Panic safety: Because NData’s structures live in an independent heap with their own lifetime, they are not lost on panic unwinding. This means if a thread panics, you can still recover or inspect data that was stored in NData’s global structures after the panic, which can aid in error handling or debugging.
Live code reloading (hot-swap): NData is designed to work with runtime code reload scenarios where dynamic libraries are swapped within the same process. In conjunction with the hot-lib-reloader crate, you can swap in new code (a new dynamic library) for a running application while preserving the state of all NData variables. This is achieved by sharing the same internal heap between the old and new code (see the “mirror” feature below), enabling hot-swappable modules without losing in-memory data.

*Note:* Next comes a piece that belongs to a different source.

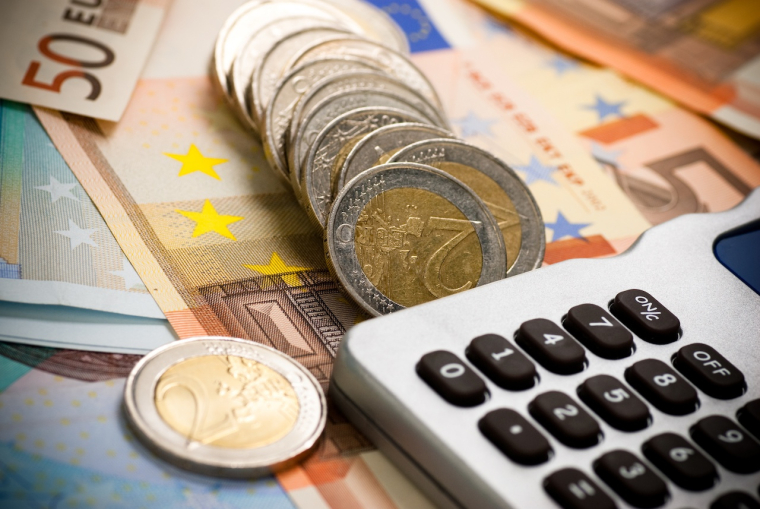 A raison de 0,50%, le livret A rapporte concrètement 5 euros pour 1 000 euros placés pendant un an (Crédit photo: © Olivier Le Moal - stock.adobe.com)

In short, NData acts as a flexible, GC-enabled data store in Rust, useful for quickly building dynamic data (similar to serde_json::Value or a scripting language’s objects) and managing it across threads, global contexts, panics, or even dynamic library reloads within the same process. It achieves this with no default external dependencies and no_std compatibility, trading some performance and fine-grained control for convenience, targeting scenarios like prototypes, REPLs, embedded systems, or long-running services that benefit from dynamic configuration/state.

Technologies Used

Implementation Language: NData is implemented entirely in Rust (100% Rust code). It is provided as a Rust crate (library) and uses Rust 2021 edition. By default, it only relies on the Rust standard library (or alloc in no_std mode).
Core Libraries & Data Structures: The project mainly uses Rust’s standard collections and primitives (or their alloc counterparts). For example, it uses HashMap<String, Data> to represent objects and Vec for arrays internally. Concurrency is handled via synchronization primitives (see below). NData does not require an external runtime or heavy frameworks and has no third-party dependencies by default – it is a self-contained library. It leverages Rust’s ownership system under the hood (e.g., for reference counting and locking) but abstracts those details away from the user.
Optional JSON/Serde support: NData can interoperate with JSON. It has an optional dependency on Serde JSON (serde_json) to allow converting between NData types and serde_json::Value for serialization/deserialization. This feature is enabled via the "serde_support" Cargo feature flag and is not active by default. If not using Serde, NData includes its own json_util module for basic JSON operations.
No-std and portability: The crate declares a "no_std_support" feature, indicating it can be built in a #![no_std] environment using the Rust alloc crate. This makes NData highly portable and suitable for embedded systems or other environments without the full standard library, as long as an allocator is available. By default, on desktop/standard Rust, it uses std for thread locks and collections.
Hot-swap (mirror) capability: NData provides a feature flag "mirror" which enables sharing the data heap across dynamic library boundaries within the same process. With this enabled, the library can expose the raw memory of its heaps so that a newly loaded dynamic library can attach (“mirror”) to them. This is the mechanism that powers the hot-reload use case (in collaboration with an external reloader). Internally, this involves low-level handling of memory pointers. The "mirror" feature is off by default but can be turned on if you plan to hotswap code or use NData in a multi-library (within the same process) setting.
Synchronization primitives: Rather than using standard Mutex or RwLock directly, NData defines a custom SharedMutex type. This is essentially a simple mutex wrapper that can be accessed globally (as statics) and, when the mirror feature is on, can work across dynamic libraries (within the same process). Under the hood, it uses the operating system’s synchronization (on supported platforms) for thread-safety. The use of SharedMutex indicates that thread synchronization is a core part of NData’s design, but it’s abstracted so that enabling cross-dynamic-library sharing (within the same process) is possible. The mirror support enables SharedMutex to transform its internal pointer when mirror() is called, pointing it at an existing memory location accessible by different dynamic libraries within the same process.
Memory management: The library implements its own basic memory management (a heap with manual garbage collection) in pure Rust. It does not use a GC library or external allocator beyond Rust’s default (or alloc in no_std). Reference counting is implemented manually (via atomic counters or indices) rather than using Rc/Arc. This gives fine control over when to free memory (only during explicit gc() calls). The trade-off is that the developer must remember to call NData::gc() periodically – memory won’t be reclaimed otherwise.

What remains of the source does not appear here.